In a ruling Wednesday, state Supreme Court Justice Lisa Fisher dismissed a lawsuit against the state Board of Elections seeking to do away with the so-called “LLC loophole,” which has allowed real estate developers and other interests to give huge campaign contributions in New York elections. The LLC loophole is the result of a 1996 state Board of Elections decision, which allows each limited liability company controlled by a developer to each give up to $150,000 annually in New York elections, the same amount an individual can give. In her ruling, Fisher, who heard arguments on the matter in Greene County Supreme Court in December, said that the statute of limitations had long run out to bring a case seeking to do away with the 1996 Board of Elections’ administrative decision.
The plaintiffs in the case, which included New York University Law School’s Brennan Center for Justice, argued that a deadlocked vote in 2015 vote by the state Board of Elections’ four commissioners to reconsider the matter made the lawsuit within the legal time frame to bring an action. (The Board’s two Democrats voted to reconsider the 1996 opinion, while the Republican voted not to.)

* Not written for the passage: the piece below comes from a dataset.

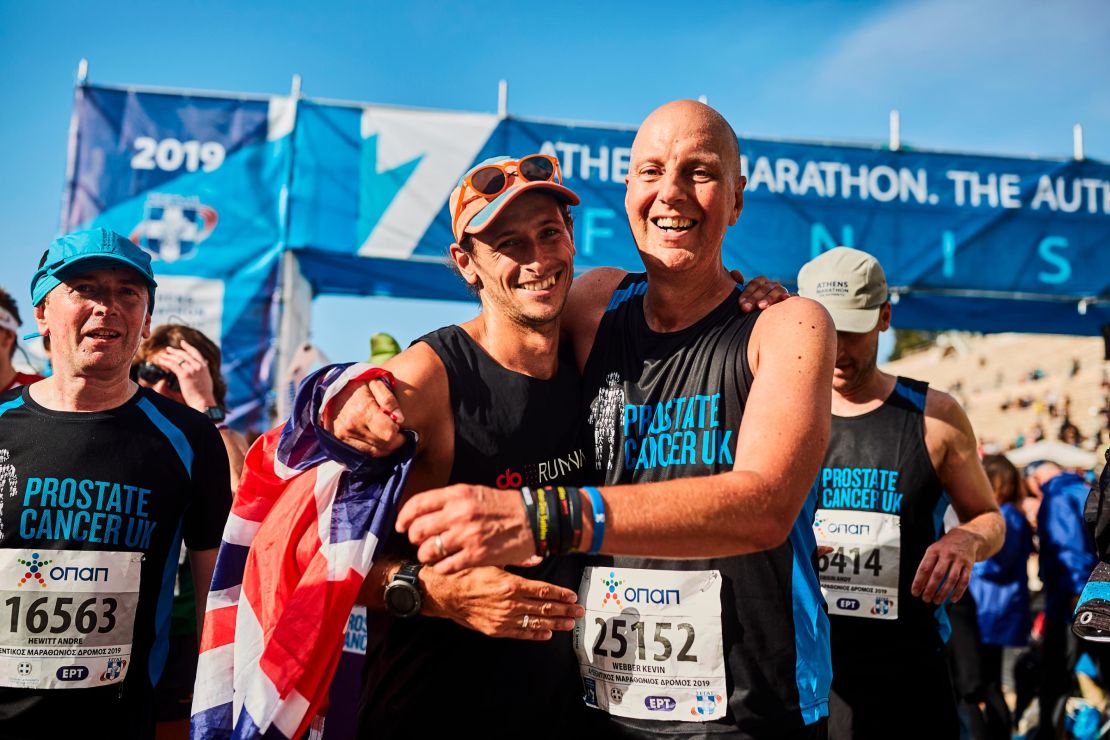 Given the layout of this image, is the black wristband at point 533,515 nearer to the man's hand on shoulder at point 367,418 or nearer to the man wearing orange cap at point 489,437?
the man's hand on shoulder at point 367,418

The 2015 action “does not allow Petitioners to bootstrap the 1996 opinion into the realm of judicial review,” Fisher wrote.
Fisher also contested the argument by plaintiffs, which included political candidates, that they had been harmed by the existence of the LLC loophole. That would give them standing in the case. “The argument that a candidate would have won or had a viable campaign if not for the ‘LLC loophole’ is grossly ‘conjecture or speculation’ which cannot create standing,” she wrote.